Output must consist only of the lines of the material below from the one with "Where The Shooting" through the one with "Gainsbourg for kids", each reproduced exactly; no pictures belong in it.

● **RECORDS PROVIDED**:
╔══

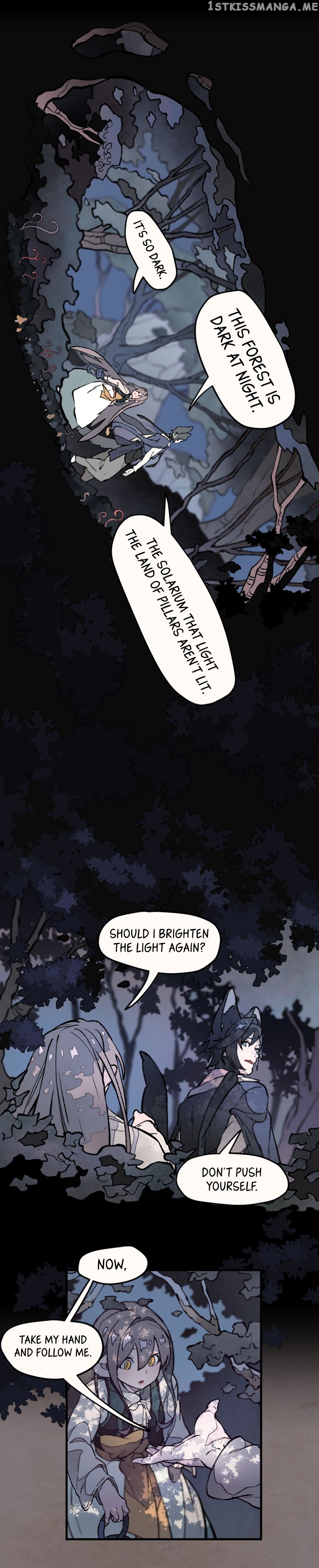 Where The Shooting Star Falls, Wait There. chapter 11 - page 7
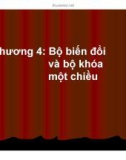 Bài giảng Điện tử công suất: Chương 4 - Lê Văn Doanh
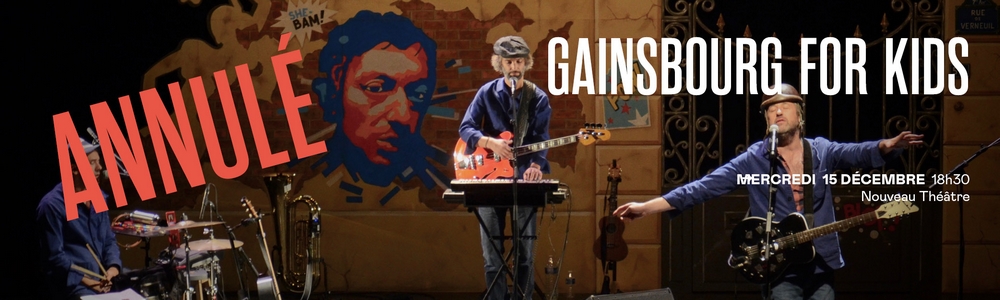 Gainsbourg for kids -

╚══
╔══

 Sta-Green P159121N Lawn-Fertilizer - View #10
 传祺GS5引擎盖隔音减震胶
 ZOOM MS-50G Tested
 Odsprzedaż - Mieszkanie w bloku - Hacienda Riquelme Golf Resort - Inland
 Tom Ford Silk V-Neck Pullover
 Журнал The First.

╚══

● **EXERCISE RESPONSE**:
 Where The Shooting Star Falls, Wait There. chapter 11 - page 7
 Bài giảng Điện tử công suất: Chương 4 - Lê Văn Doanh
 Gainsbourg for kids -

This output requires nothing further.